The following information is provided for each detected entity (JSON field names are in parentheses):

  • GKB ID (gkbId): The entity's identifier in our Geneea Knowledge Base (GKB), typically in its generic bucket (e.g., G145 for Britain). This field is missing for synthetic entities (see below).

  • Standard Form (stdForm): The standard/canonical name of the entity in the relevant language. For example, the standard form for G145 is: United Kingdom in English Spojené království in Czech Royaume-Uni in French Storbritannien in Danish While typical translations, standard forms do not need to be direct equivalents.

  • Type (type): One of the supported entity types listed below.

  • Mentions (mentions): If enabled, we return all mentions of the entity within the text. For example, G145 might appear as United Kingdom, UK, Britain, Great Britain and Northern Ireland in English. For each mention of an entity, we provide the following information:

    • References to the article text (tokenIds): These are references to specific tokens in the article where the entity is mentioned. This allows you to link back to the exact positions in the text—useful, for example, if you want to highlight or hyperlink entity mentions to tag or detail pages.

    • Normalized form of the mention (mwl): This abstracts away the language-specific morphological variations. For instance, in Czech, the entity Spojené království (United Kingdom in English) may appear in several different grammatical cases—e.g., Spojeného království, Spojenému království, etc.—depending on the context and grammatical function of the entity in the sentence.
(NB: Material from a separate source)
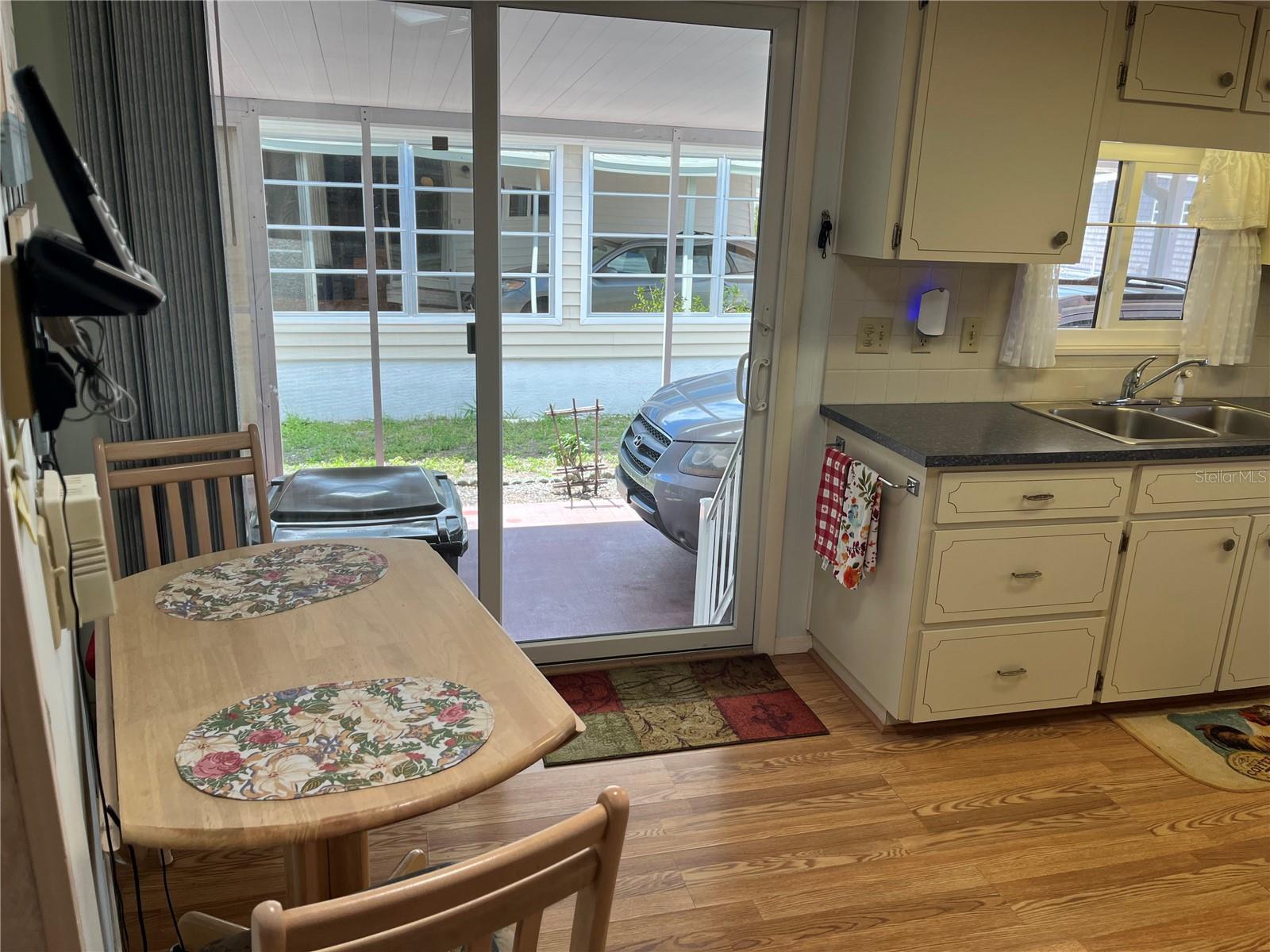 VENICE ISLE - Residential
      The mvl field always contains the base form: Spojené království. This normalization helps with consistent tagging, grouping, and analysis across inflected forms.
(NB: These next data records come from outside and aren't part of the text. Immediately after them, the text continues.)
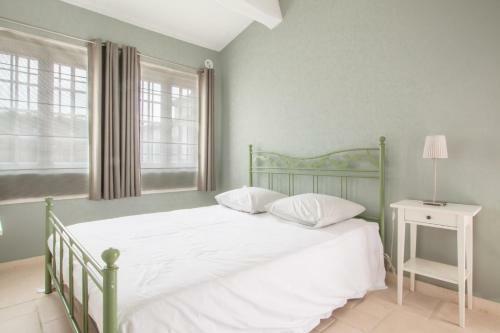 Apartamento The Magnificent Setting Features The Gentle Rolling Hills And Fragrant Wine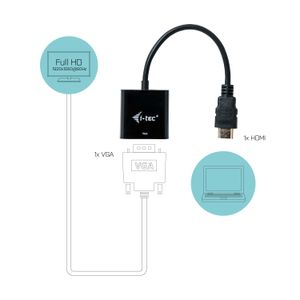HDMI2VGAADA-Galeria-3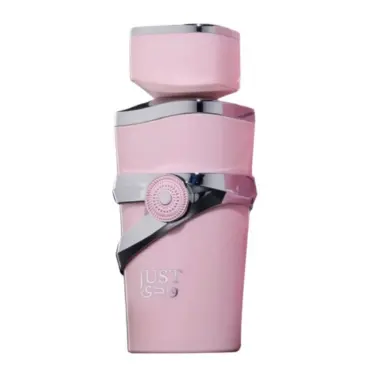 Дамски Парфюм Fragrance World Just Wardi EDP 100 мл.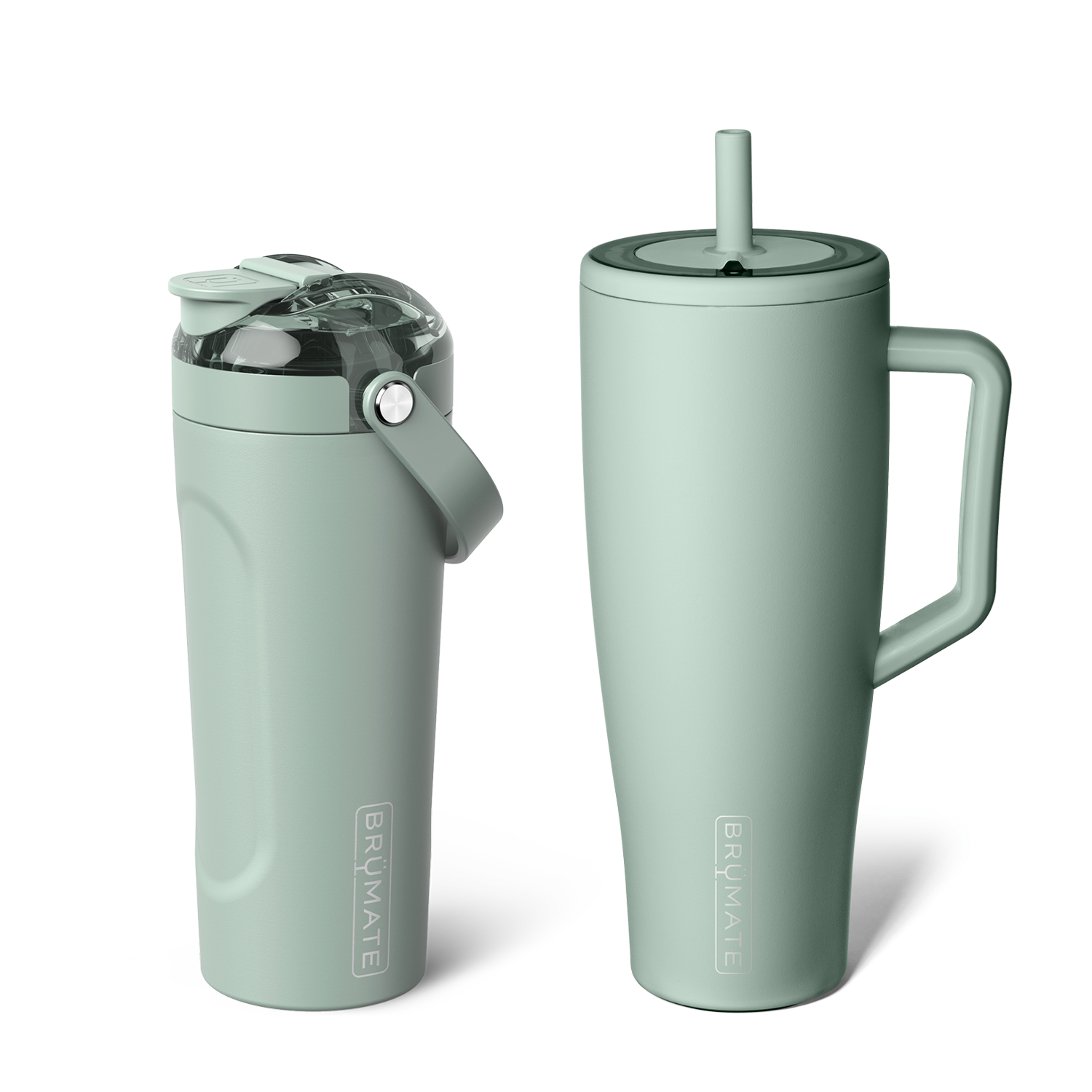 shake-glow-bundle-sage-40oz-25oz-j1 Bundle-MS_Sage_Era40_Sage.png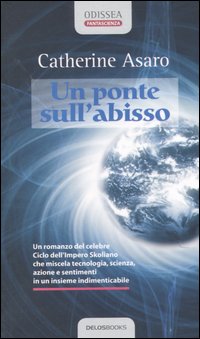 Photo gallery principale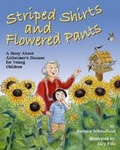Cover: Striped Shirts and Flowered Pants - American Psychological Association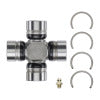 MOOG Universal U-Joint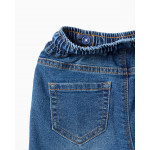 Zippy Παντελόνι Τζιν Μπλε 26-ZBBAP0401_26011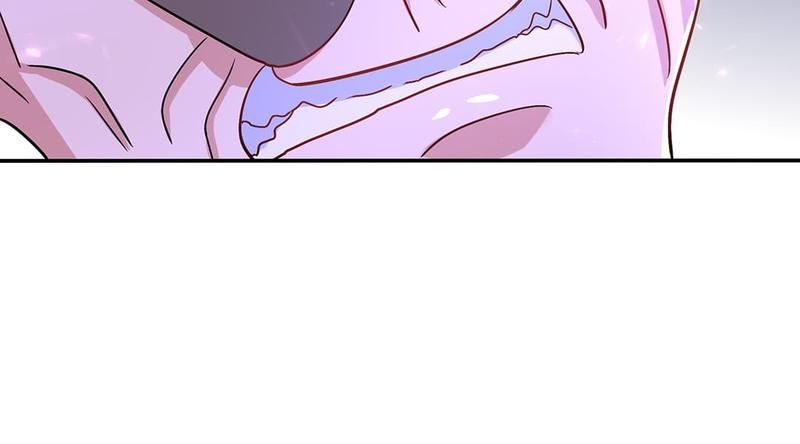 Don't Mess With Missy! - Episode 124 — page 113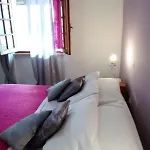 Pansiyon Smeralda Room's Olbia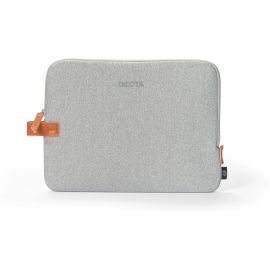 DICOTA Notebook-Sleeve Skin Urban 16 " - FRI-GX47-001GVE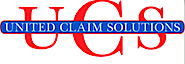 Unitedclaim's logo Unitedclaim's Company logo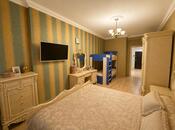 Продаётся 2-комн. новостройка 100 м², м. Элмляр Академиясы, photo 3 from 8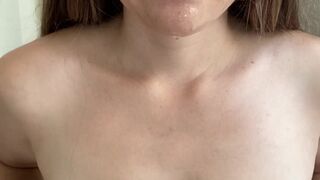 Lily Flowers 22 May  2020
  • Relevance Score (feats.relevance): A numeric value between 0 and 100 that indicates how central the entity is to the meaning of the text. For example, if the article is primarily about Britain, the relevance score of the G145 entity (United Kingdom) will be high. If Britain is mentioned only briefly or in passing, the score will be much lower. This helps to distinguish main topics from incidental references.

  • Other Features (depending on configuration, under the feats key):

    • Wikidata ID – when available, providing a link to structured knowledge in Wikidata
    • Social media handles, Wikipedia links – e.g., for public figures or organizations
    • Other metadata from our internal GKB

    These properties are especially useful for enriching the entity with external context or linking it to structured datasets.
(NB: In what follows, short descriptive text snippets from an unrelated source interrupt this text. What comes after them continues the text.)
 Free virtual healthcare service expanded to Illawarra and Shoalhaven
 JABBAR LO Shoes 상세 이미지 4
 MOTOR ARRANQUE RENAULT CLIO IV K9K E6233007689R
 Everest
See the Entity object reference page for more details.

Entity Types

The standard configuration includes the following entity types:

  • personJohn Doe
  • organizationUNESCO, IBM
  • locationLondon, France
  • productSkoda Octavia, iPhone 13
  • eventBrexit, World War II
  • generalelectric vehicle, trade war, flu season, income tax

In addition, we support detection of numeric and temporal expressions such as dates, currencies, and amounts.

We can also enable detection of custom entity types tailored to your use case—for example:
colors, food items, economic terms, laws, product numbers, etc.

Derived Entities

Derived entities are not explicitly mentioned in the text but are logically related to those that are.

For example, if an article mentions Prague, we infer that it is also about the Czech Republic, based on geographic relationships stored in our Knowledge Base.
Here:

  • Prague is a direct entity
  • Czech Republic is a derived entity

Derived entities inherit all mentions of the original (direct) entity. So, in the example above, every mention of Prague would also count as a (derived) mention of the Czech Republic.

It's also possible for an entity to have both a direct and derived mention in the same sentence.
For example, in the sentence “Prague is the capital of the Czech Republic,” the entity Czech Republic has two mentions:

  • A direct mention: Czech Republic
  • A derived mention: Prague

We currently support a selection of derived entity types such as:

  • manufacturer
  • industry
  • country, region, district, city, cityPart

Coverage varies depending on geography and data availability.

Synthetic Entities

While we aim to include all entities in the GKB, this is not always possible. Entities that are reliably detected in the text but lack a corresponding GKB entry are called synthetic entities.

Characteristics of synthetic entities:

  • They do not have GKB identifiers, Wikidata IDs, or social media links.
  • Their standard form is generated from the mention using grammatical heuristics.
  • Quality may be lower due to lack of structured data.

In general, GKB-linked entities are preferred. Synthetic entities are useful for completeness but are not recommended for most production use cases, especially where accuracy or linkage is important.